Three horizontal wells have been drilled in a low pressure, mature steam drive at the D&E Unit of the Midway Sunset Field, Kern County, California. Simulation studies indicate that horizontal wells in thermal projects can increase recovery efficiency due to better areal sweep, accelerate production which improves the oil-steam ratio (OSR), shorten project life, and increase project profitability.

The D&E Unit was selected as a test site for horizontal wells because gravel packs were not required for sand control. Low reservoir pressures and moderately sorted, sub-rounded sands contribute to the success of slotted liner completions. The reservoir is composed of well sorted, thick turbidite sands which dip at about 45°. The first two wells were drilled at an oblique angle to dip with approximately 400’ laterals.
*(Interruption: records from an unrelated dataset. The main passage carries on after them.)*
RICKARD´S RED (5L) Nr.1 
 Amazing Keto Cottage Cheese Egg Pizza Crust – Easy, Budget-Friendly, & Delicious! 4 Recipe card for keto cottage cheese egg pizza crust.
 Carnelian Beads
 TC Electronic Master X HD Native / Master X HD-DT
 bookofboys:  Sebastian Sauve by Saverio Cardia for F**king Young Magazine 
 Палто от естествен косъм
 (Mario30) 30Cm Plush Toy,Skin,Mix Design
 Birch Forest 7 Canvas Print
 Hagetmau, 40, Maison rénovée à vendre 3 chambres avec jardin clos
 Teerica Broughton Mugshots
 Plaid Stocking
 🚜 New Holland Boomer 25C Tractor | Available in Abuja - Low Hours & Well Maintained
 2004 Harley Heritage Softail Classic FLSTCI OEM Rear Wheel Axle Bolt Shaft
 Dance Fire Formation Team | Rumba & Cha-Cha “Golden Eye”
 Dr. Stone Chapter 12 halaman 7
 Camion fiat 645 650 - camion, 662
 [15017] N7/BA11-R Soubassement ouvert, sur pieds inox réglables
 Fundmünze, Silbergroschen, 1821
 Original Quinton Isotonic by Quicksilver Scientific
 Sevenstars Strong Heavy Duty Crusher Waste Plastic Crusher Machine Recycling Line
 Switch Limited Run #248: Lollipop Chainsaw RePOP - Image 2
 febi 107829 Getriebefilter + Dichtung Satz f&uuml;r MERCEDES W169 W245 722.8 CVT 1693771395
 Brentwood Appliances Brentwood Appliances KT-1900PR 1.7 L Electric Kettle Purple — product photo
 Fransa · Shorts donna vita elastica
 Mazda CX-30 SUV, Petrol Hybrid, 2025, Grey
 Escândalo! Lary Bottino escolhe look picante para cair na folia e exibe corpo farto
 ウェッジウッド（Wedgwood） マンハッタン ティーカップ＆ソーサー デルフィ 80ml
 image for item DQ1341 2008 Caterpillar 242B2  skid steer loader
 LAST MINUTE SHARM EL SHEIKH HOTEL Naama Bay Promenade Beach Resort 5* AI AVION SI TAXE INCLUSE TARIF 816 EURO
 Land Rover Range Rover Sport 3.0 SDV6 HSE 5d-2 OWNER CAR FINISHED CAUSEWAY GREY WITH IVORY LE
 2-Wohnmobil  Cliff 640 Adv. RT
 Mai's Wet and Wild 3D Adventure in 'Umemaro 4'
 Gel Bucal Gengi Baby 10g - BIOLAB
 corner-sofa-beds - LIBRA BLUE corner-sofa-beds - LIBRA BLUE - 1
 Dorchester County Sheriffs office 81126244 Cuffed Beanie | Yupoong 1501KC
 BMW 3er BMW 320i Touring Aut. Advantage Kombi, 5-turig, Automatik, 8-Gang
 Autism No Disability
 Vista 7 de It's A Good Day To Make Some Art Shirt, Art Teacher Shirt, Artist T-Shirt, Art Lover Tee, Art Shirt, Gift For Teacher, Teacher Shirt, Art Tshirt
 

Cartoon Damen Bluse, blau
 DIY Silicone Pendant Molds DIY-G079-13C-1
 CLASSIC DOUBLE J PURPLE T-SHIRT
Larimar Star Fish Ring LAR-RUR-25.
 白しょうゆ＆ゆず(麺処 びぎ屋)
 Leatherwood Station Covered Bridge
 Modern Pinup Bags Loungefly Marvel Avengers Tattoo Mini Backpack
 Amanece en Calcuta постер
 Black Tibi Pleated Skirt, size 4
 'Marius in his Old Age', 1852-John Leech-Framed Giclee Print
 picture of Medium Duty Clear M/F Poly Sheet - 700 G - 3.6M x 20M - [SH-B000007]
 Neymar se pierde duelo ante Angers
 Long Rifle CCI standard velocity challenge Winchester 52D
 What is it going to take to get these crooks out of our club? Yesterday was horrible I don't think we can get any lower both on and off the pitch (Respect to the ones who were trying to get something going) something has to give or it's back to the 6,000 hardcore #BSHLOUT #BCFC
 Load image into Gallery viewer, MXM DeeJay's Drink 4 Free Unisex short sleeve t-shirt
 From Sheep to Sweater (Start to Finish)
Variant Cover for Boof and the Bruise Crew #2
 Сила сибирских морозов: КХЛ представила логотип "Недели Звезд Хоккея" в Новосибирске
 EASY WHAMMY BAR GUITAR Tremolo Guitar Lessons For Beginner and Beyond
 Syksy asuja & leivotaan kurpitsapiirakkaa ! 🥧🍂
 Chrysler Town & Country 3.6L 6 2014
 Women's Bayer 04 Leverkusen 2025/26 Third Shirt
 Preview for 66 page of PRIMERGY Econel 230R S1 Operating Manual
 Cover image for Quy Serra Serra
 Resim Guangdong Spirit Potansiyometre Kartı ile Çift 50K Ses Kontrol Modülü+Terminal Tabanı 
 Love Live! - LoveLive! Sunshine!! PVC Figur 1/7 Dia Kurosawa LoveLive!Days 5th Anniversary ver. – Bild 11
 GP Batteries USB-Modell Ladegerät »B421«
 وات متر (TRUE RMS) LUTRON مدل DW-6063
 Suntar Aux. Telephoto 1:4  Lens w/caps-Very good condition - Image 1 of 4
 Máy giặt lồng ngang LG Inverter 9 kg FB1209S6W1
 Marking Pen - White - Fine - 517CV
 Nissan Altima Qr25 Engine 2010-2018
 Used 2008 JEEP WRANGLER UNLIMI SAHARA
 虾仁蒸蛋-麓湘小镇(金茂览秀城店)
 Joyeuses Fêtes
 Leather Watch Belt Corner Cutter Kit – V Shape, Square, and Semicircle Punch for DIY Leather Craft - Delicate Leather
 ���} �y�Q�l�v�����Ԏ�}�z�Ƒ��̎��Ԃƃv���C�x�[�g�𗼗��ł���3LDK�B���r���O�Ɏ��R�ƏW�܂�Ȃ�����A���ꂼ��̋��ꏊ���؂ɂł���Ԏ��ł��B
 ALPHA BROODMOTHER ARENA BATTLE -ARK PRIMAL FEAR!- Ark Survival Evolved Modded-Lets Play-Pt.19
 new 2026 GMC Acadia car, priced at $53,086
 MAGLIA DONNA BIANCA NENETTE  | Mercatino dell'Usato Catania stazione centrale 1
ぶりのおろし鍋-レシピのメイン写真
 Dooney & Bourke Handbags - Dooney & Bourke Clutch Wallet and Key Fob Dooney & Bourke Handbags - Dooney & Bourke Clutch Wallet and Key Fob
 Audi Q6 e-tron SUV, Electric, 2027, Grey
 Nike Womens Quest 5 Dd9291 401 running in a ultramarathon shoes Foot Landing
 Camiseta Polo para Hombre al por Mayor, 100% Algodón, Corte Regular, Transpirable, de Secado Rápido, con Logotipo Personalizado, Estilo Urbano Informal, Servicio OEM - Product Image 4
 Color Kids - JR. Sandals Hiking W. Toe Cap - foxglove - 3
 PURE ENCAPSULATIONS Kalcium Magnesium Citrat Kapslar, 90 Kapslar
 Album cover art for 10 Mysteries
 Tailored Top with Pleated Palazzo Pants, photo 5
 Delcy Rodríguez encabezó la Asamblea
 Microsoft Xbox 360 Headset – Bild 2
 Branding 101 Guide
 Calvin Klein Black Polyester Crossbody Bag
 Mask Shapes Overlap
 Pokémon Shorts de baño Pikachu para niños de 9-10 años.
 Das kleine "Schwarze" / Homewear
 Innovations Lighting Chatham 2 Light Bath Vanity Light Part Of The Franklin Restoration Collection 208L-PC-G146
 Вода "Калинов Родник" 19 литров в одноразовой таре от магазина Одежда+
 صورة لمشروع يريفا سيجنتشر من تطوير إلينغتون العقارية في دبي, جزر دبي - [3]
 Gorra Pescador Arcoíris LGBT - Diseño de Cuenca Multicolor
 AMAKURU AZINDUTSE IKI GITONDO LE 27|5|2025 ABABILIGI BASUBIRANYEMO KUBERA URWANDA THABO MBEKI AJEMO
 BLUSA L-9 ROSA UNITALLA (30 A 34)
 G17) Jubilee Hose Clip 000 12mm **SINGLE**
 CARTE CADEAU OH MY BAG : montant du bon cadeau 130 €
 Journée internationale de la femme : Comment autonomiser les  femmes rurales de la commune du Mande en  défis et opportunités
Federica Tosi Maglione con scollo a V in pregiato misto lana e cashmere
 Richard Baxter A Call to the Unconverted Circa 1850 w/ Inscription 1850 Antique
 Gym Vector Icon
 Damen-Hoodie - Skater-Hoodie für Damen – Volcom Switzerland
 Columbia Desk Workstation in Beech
The third well was drilled on strike with slightly more than a 700’ lateral. Radius of curvature is approximately 40'. The three wells were drilled as short radius horizontal wells due to well and lease spacing constraints. The short radius design allows the rod pump to be placed in the vertical section of the hole with minimal drawdown sacrifice. The lowest point of the laterals is 10’ above the oil-water contact. All wells are completed with slotted liners.

The three horizontal wells cost 2-3 times more than vertical wells. Oil production rates increased 2-3 times more than vertical wells in the two wells with 400’ laterals. The third well with a 700’ lateral is more prolific with 6 times the production rate of a vertical well. At this time, the wells are too immature to accurately predict ultimate recovery. This paper will discuss the drilling and completion design of the wells, steam soak data, temperature logs in the horizontal section and current production results.